Type: Bug Priority: Major
Reporter: Marko Mäkelä Assignee: Marko Mäkelä
Resolution: Fixed Votes: 0
Labels: debug, race


 Description   

The log resizing test occasionally fails like this:

10.8 972b45642afee364cd140f17ae46c00cd0af6e11

innodb.log_file_size '4k,innodb'         w5 [ fail ]
2022-02-14 17:45:38 0 [Note] InnoDB: Starting final batch to recover 4 pages from redo log.
2022-02-14 17:45:38 0 [Note] InnoDB: Resizing redo log from 12.000MiB to 5.000MiB; LSN=24674766
mariadbd: /home/buildbot/maria-slave/fulltest-debug-big-only/build/storage/innobase/srv/srv0start.cc:852: lsn_t srv_prepare_to_delete_redo_log_file(): Assertion `!buf_pool.any_io_pending()' failed.

I was able to reproduce this failure locally by running this test 120 times in parallel with itself (3 times the number of hardware threads reported by nproc).

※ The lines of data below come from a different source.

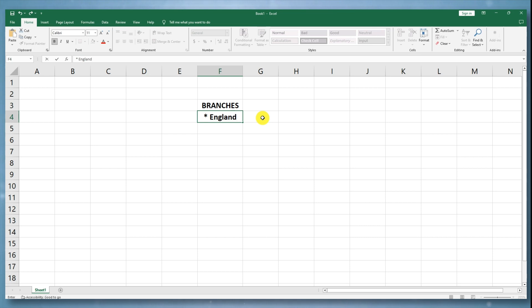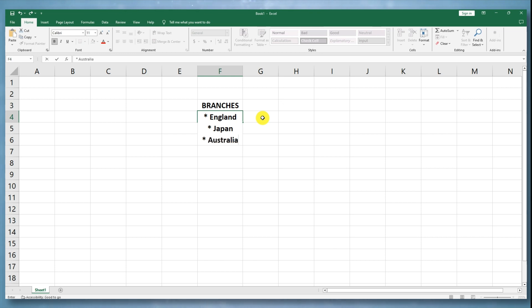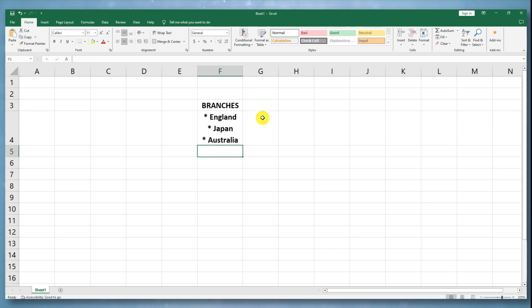Press Alt plus Enter again to create another line break. Type the text for the next bullet point. Repeat steps for each bullet point you want to add.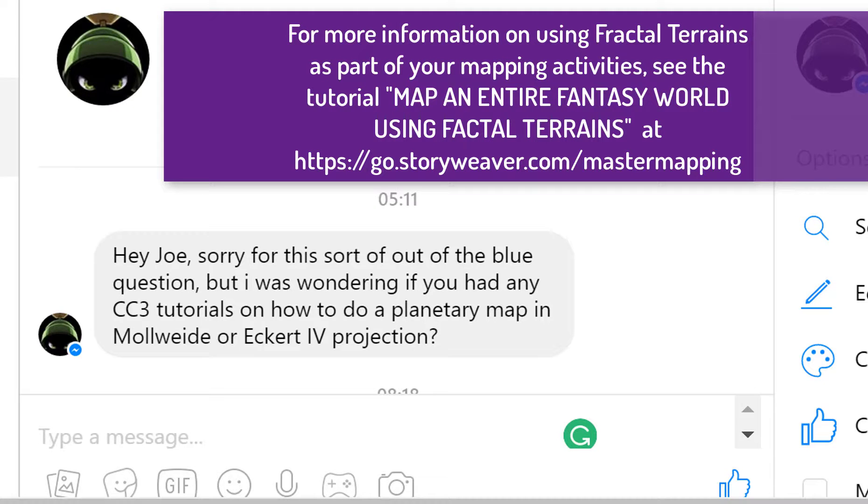Hey, g'day everyone, it's Joe here again and I got a great little question from Steven Jacobs just today. And he was asking, how do you create a planetary map in a particular projection style using Campaign Cartographer?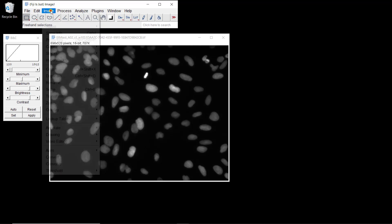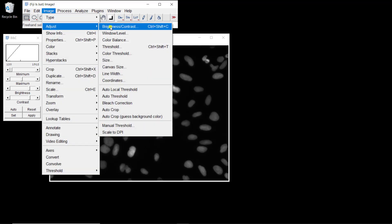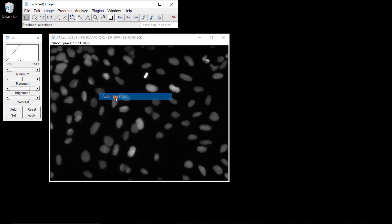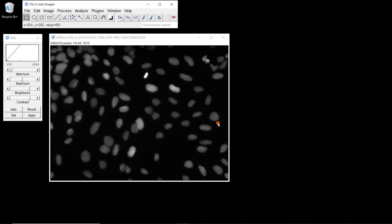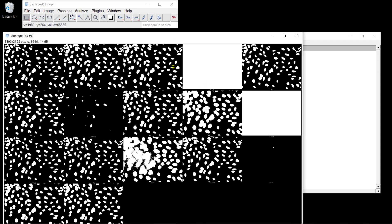Now we can try it. If we go to Image > Adjust > Auto Threshold, we can try all the thresholding methods that are included with Fiji. And now you can see the results.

In the core dump, the assertion would have held. Therefore, it looks like we must actually protect the reads in this debug assertion with buf_pool.mutex in order to avoid false alarms. With the following patch, I am not able to reproduce any crash. The function is only being called by debug assertions (which are not present in release builds).

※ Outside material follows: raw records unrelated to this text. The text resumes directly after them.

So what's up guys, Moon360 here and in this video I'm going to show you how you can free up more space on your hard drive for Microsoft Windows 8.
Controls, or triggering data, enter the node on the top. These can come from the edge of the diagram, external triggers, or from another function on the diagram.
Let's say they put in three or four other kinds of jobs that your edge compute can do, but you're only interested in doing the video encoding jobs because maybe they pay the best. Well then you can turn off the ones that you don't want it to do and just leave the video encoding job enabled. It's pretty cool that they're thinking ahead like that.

diff --git a/storage/innobase/include/buf0buf.h b/storage/innobase/include/buf0buf.h
index 89987b05fdb..fec8dcb4e2a 100644
--- a/storage/innobase/include/buf0buf.h
+++ b/storage/innobase/include/buf0buf.h
@@ -2042,9 +2042,14 @@ class buf_pool_t
   buf_tmp_buffer_t *io_buf_reserve() { return io_buf.reserve(); }
 
   /** @return whether any I/O is pending */
-  bool any_io_pending() const
+  bool any_io_pending()
   {
-    return n_pend_reads || n_flush_LRU() || n_flush_list();
+    if (n_pend_reads)
+      return true;
+    mysql_mutex_lock(&mutex);
+    const bool any_pending{n_flush_LRU_ || n_flush_list_};
+    mysql_mutex_unlock(&mutex);
+    return any_pending;
   }
   /** @return total amount of pending I/O */
   ulint io_pending() const



 Comments   
Comment by Marko Mäkelä [ 2022-03-01 ]

Here is the result of my local testing:

10.5 a710016d578dc1165c511db19a5d4a094e736012

innodb.log_file_size '4k,innodb'         w15 [ 100 pass ]  31791
innodb.log_file_size '4k,innodb'         w37 [ 100 pass ]  31869
innodb.log_file_size '4k,innodb'         w59 [ 100 pass ]  32189
--------------------------------------------------------------------------
The servers were restarted 0 times
Spent 409184.409 of 3497 seconds executing testcases
 
Completed: All 12000 tests were successful.

Generated at Thu Feb 08 09:57:00 UTC 2024 using Jira 8.20.16#820016-sha1:9d11dbea5f4be3d4cc21f03a88dd11d8c8687422.